» **WHAT IS BEING ASKED**
Beginning with the line that includes "Messenger Of Death" and ending with the last line of the entries below, set down each line exactly; include no pictures.

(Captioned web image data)
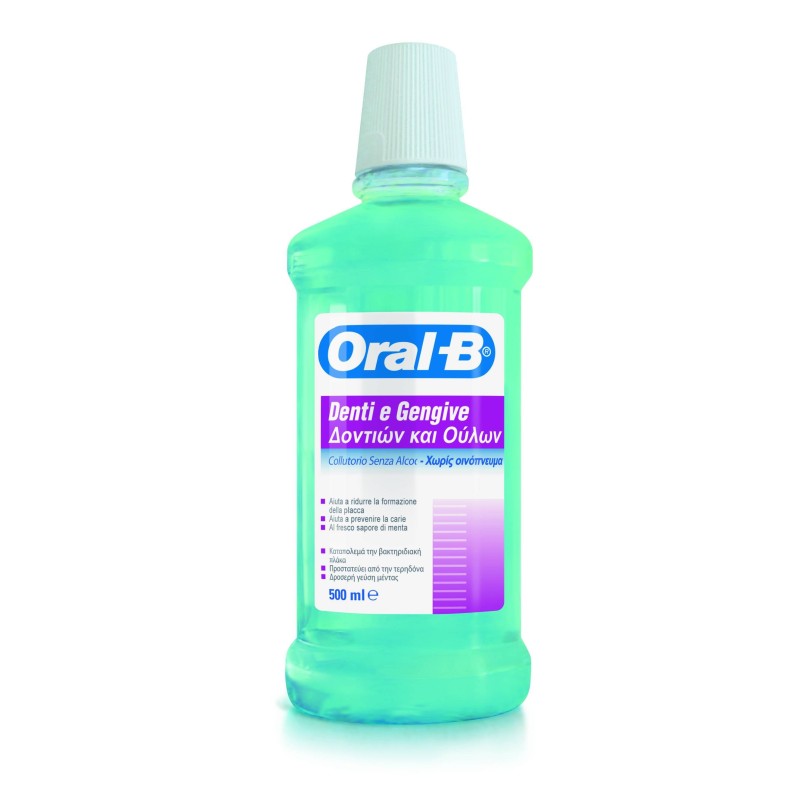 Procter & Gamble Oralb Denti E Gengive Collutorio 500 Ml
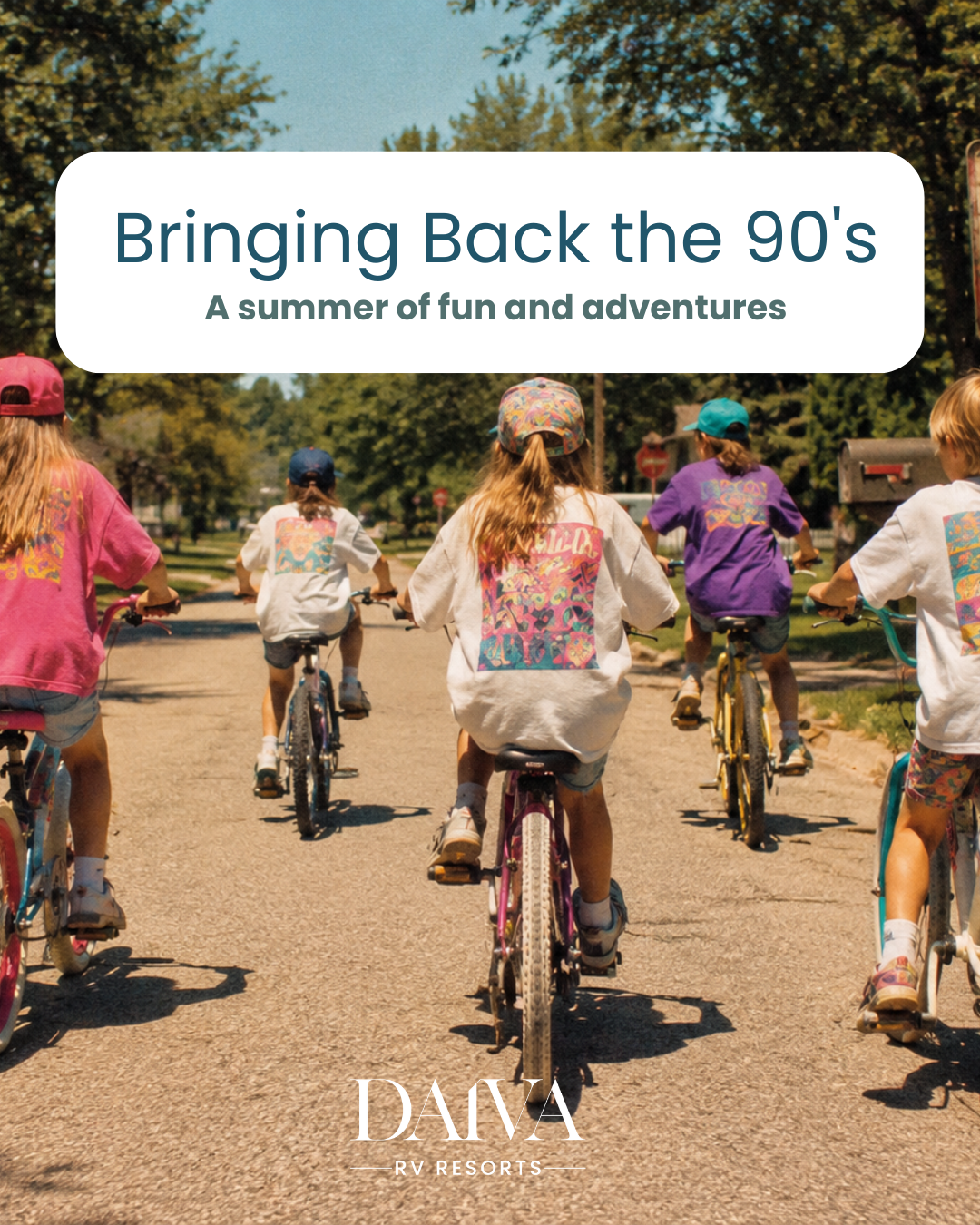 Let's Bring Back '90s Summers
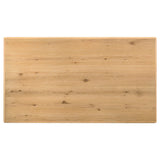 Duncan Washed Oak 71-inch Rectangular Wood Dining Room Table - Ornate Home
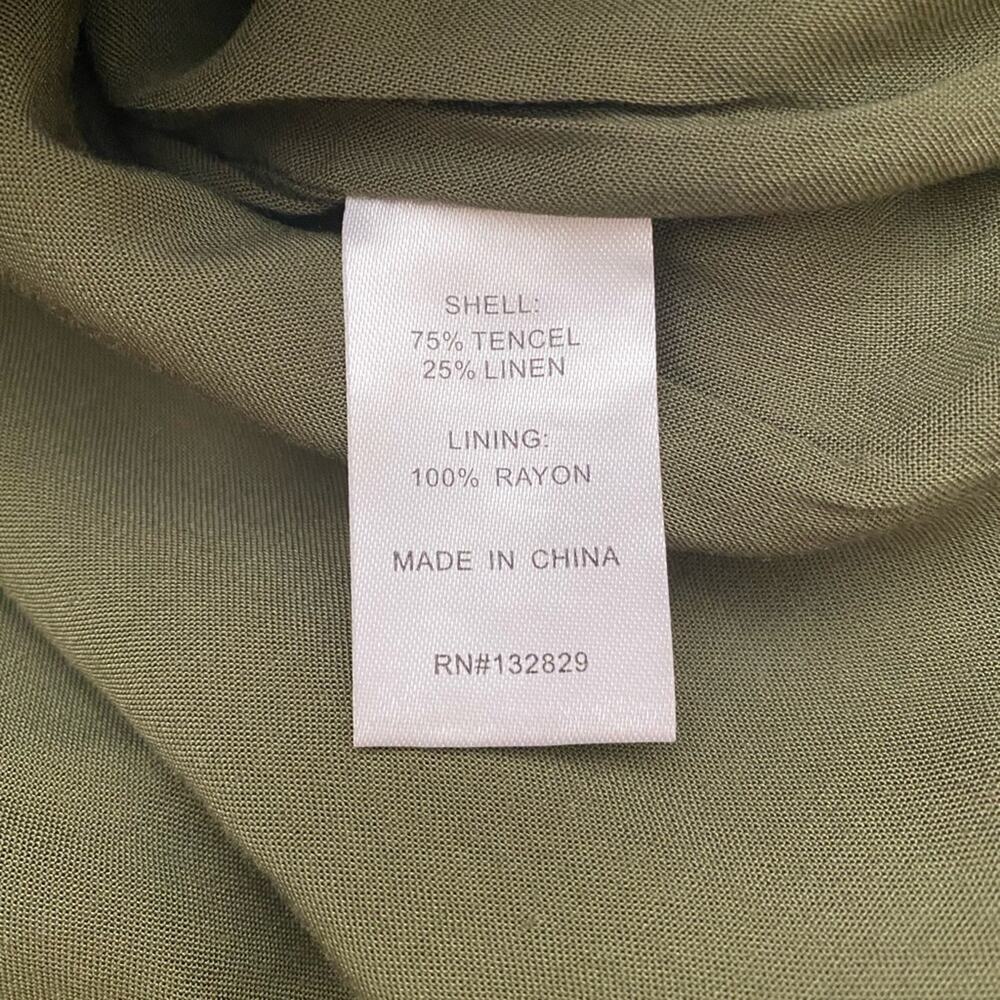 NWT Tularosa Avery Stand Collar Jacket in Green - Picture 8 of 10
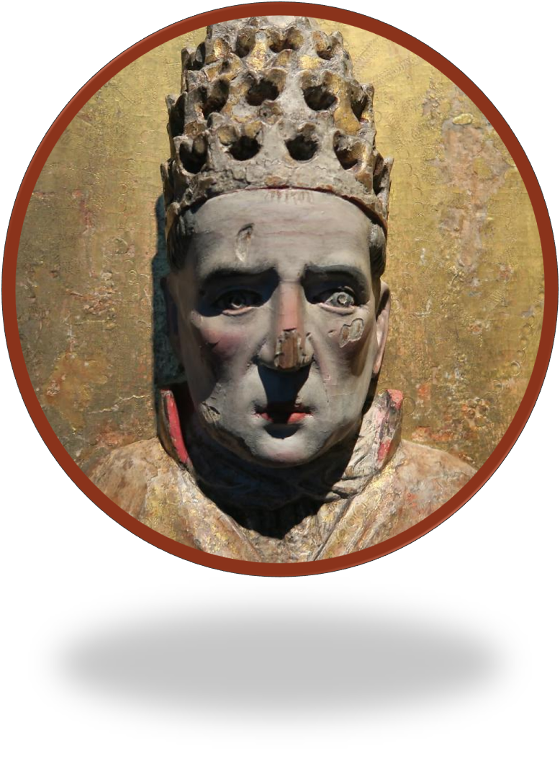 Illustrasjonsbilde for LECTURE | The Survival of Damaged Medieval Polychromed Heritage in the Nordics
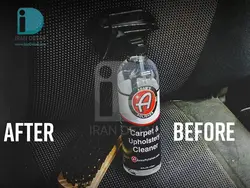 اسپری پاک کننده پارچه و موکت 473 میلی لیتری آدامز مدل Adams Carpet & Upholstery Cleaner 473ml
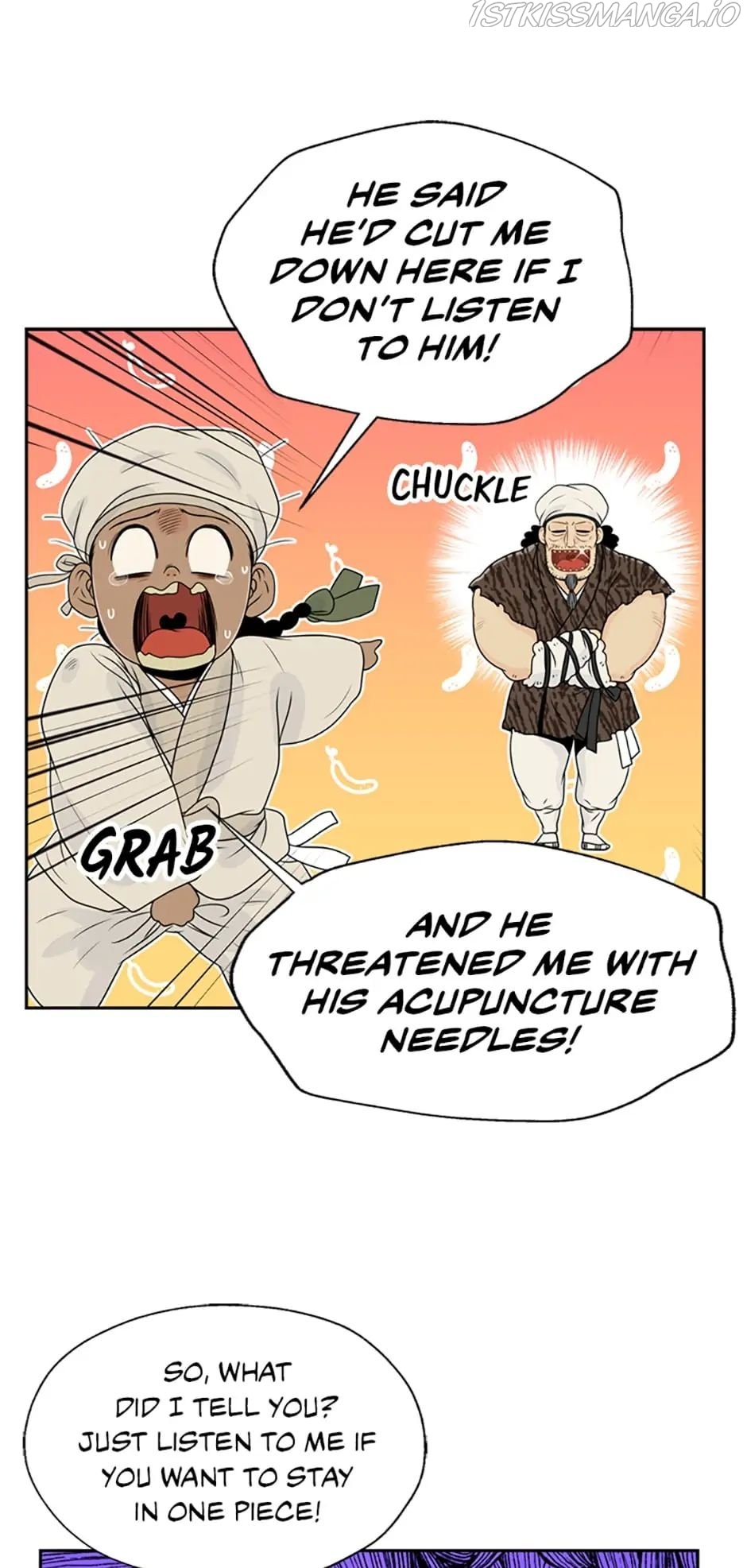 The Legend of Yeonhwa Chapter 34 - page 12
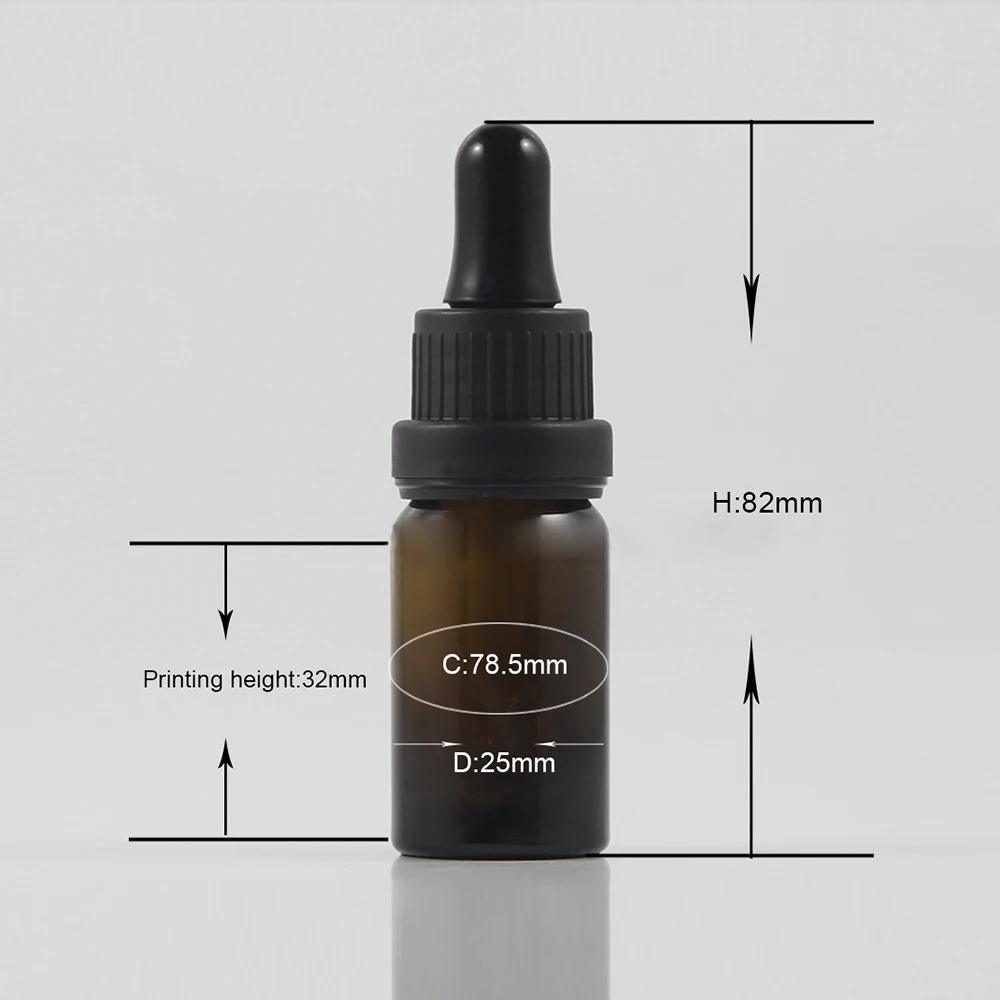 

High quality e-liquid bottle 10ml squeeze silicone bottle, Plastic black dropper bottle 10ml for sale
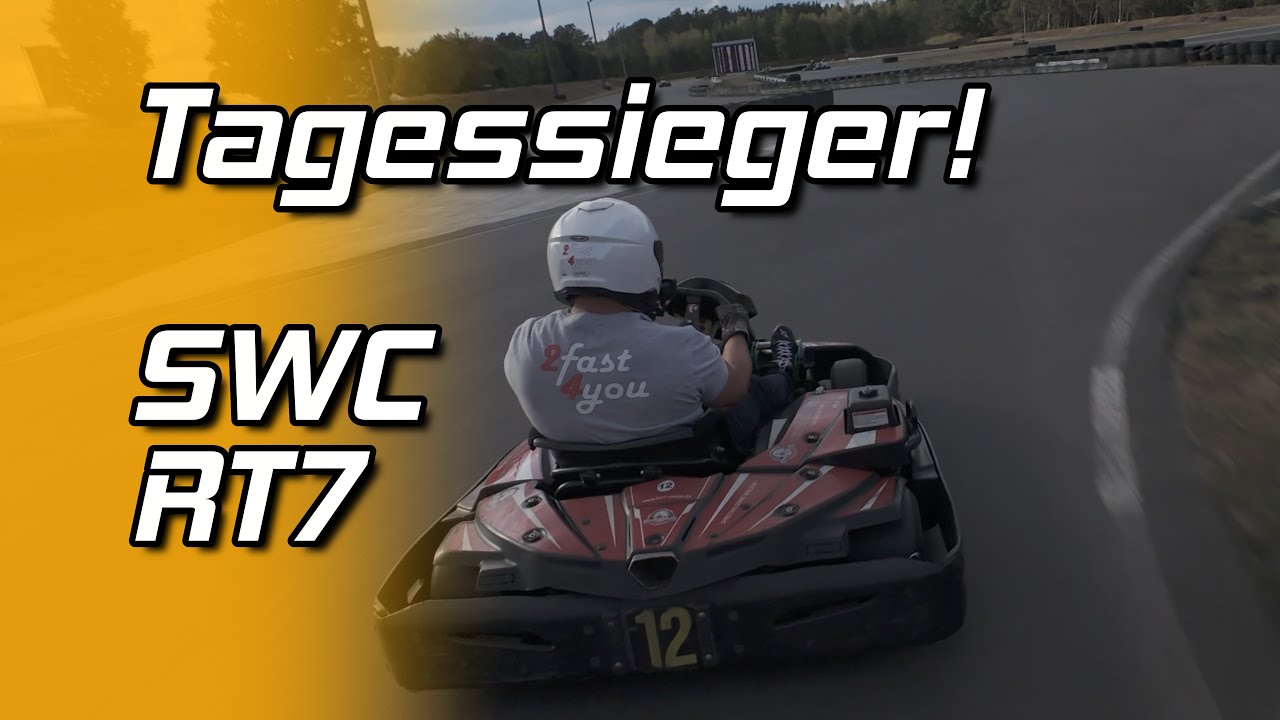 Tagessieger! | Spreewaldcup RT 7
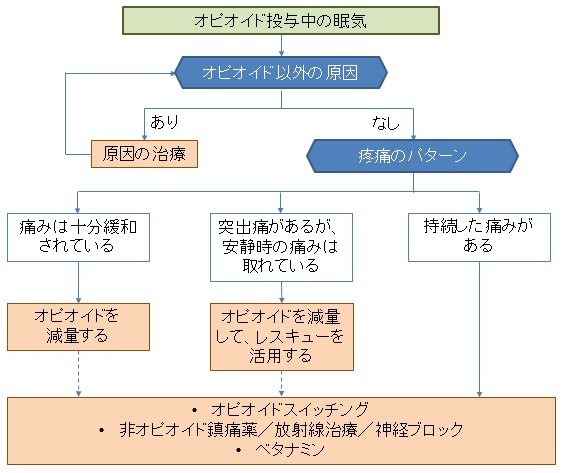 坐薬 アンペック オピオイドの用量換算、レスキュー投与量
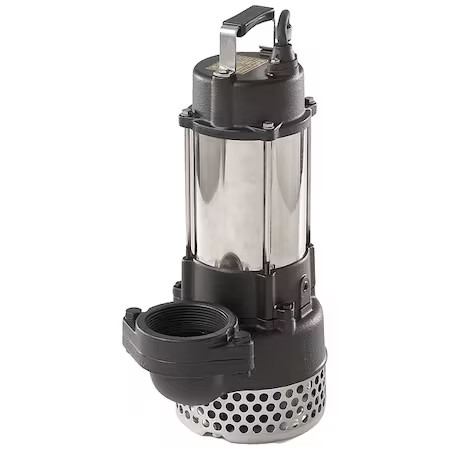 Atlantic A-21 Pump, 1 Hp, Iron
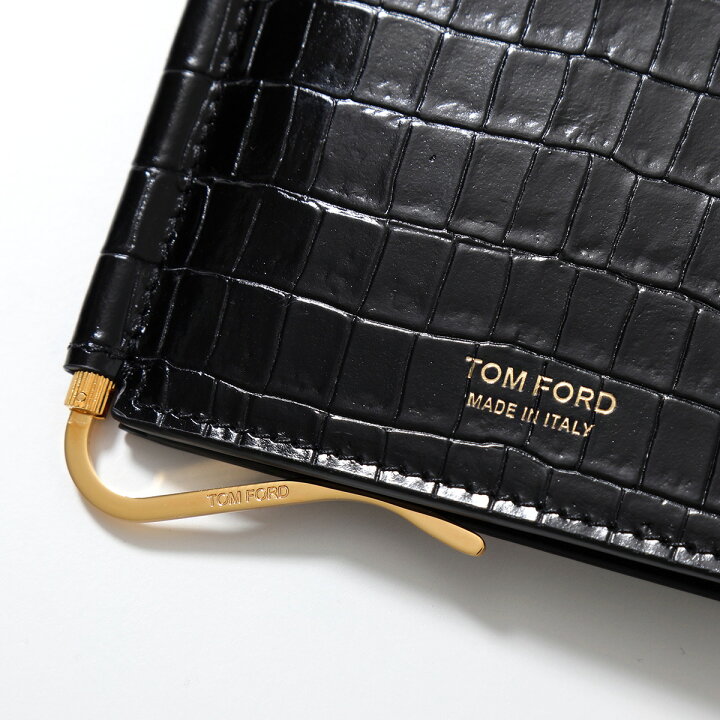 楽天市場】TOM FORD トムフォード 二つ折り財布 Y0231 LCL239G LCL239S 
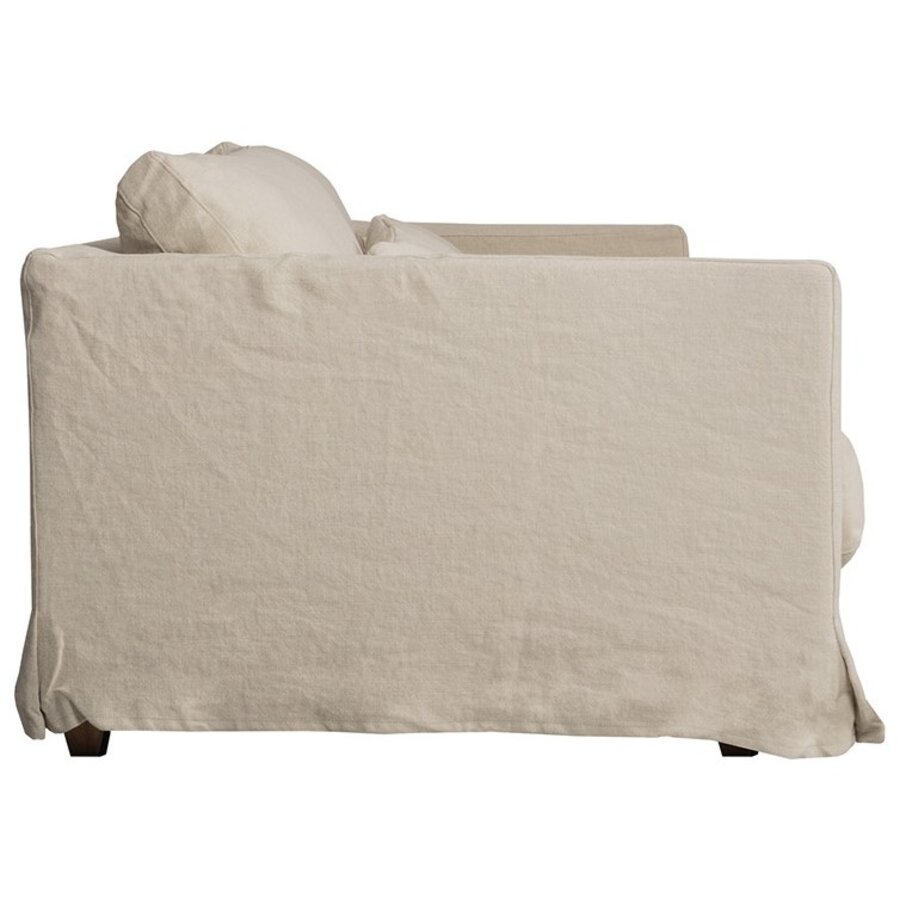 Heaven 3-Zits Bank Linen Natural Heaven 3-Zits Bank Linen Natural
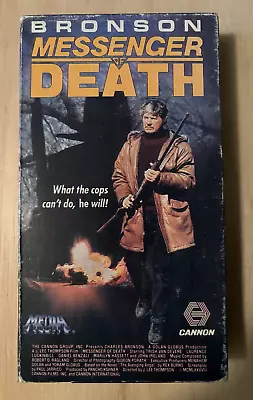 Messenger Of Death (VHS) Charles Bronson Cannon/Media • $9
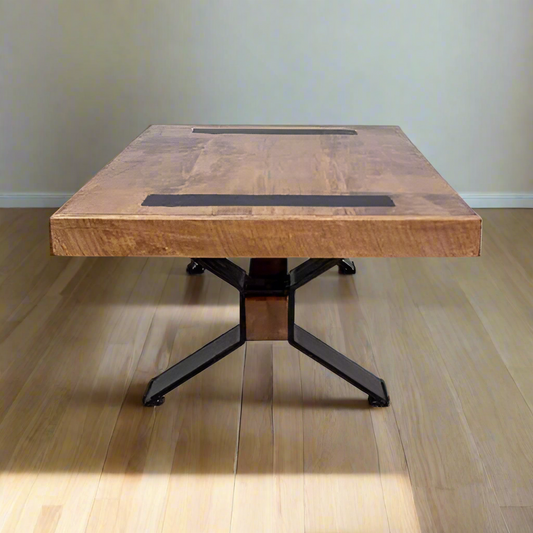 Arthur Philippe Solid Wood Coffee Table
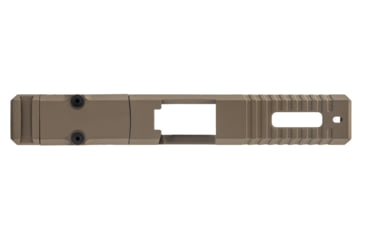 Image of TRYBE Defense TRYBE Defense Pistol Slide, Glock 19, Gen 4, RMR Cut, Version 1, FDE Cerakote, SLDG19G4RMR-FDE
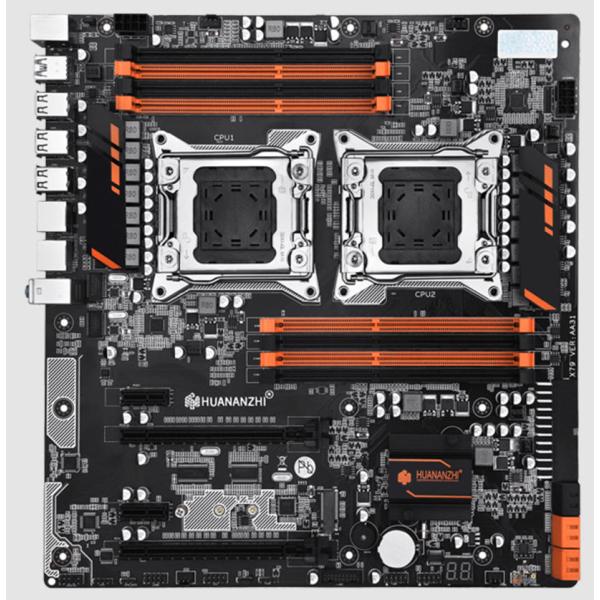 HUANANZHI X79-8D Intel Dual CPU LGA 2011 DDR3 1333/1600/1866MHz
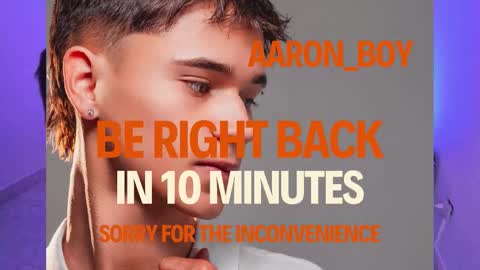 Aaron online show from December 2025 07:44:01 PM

» **YOUR RESPONSE**
 Messenger Of Death (VHS) Charles Bronson Cannon/Media • $9
 Arthur Philippe Solid Wood Coffee Table
 Image of TRYBE Defense TRYBE Defense Pistol Slide, Glock 19, Gen 4, RMR Cut, Version 1, FDE Cerakote, SLDG19G4RMR-FDE
 HUANANZHI X79-8D Intel Dual CPU LGA 2011 DDR3 1333/1600/1866MHz
 Aaron online show from December 2025 07:44:01 PM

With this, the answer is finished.